Discrete distributional differential expression (D3E) - a tool for gene expression analysis of single-cell RNA-seq data

BackgroundThe advent of high throughput RNA-seq at the single-cell level has opened up new opportunities to elucidate the heterogeneity of gene expression. One of the most widespread applications of RNA-seq is to identify genes which are differentially expressed between two experimental conditions.ResultsWe present a discrete, distributional method for differential gene expression (D3E), a novel algorithm specifically designed for single-cell RNA-seq data. We use synthetic data to evaluate D3E, demonstrating that it can detect changes in expression, even when the mean level remains unchanged. Since D3E is based on an analytically tractable stochastic model, it provides additional biological insights by quantifying biologically meaningful properties, such as the average burst size and frequency.

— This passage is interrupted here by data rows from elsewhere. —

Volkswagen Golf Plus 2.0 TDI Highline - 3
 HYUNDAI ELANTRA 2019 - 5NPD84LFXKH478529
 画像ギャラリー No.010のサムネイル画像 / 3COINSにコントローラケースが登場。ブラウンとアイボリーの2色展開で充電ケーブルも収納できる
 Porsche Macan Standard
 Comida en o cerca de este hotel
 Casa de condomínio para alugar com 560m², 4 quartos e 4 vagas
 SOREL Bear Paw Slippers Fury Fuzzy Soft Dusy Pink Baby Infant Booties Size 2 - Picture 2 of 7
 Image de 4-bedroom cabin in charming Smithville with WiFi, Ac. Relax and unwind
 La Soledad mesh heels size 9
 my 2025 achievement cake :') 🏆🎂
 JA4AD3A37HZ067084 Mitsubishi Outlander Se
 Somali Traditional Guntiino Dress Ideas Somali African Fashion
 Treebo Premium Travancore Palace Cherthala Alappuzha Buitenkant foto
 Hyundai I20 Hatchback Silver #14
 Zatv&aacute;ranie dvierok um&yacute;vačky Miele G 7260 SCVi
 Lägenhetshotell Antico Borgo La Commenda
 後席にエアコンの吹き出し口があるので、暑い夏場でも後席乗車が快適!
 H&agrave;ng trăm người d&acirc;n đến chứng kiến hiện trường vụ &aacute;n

We use D3E to investigate experimental data, and with the help of the underlying model, we directly test hypotheses about the driving mechanism behind changes in gene expression.ConclusionEvaluation using synthetic data shows that D3E performs better than other methods for identifying differentially expressed genes since it is designed to take full advantage of the information available from single-cell RNA-seq experiments. Moreover, the analytical model underlying D3E makes it possible to gain additional biological insights.

[1]  Alexander van Oudenaarden,et al.  Variability in gene expression underlies incomplete penetrance , 2009, Nature.

[2]  Y. Benjamini,et al.  Controlling the false discovery rate: a practical and powerful approach to multiple testing , 1995 .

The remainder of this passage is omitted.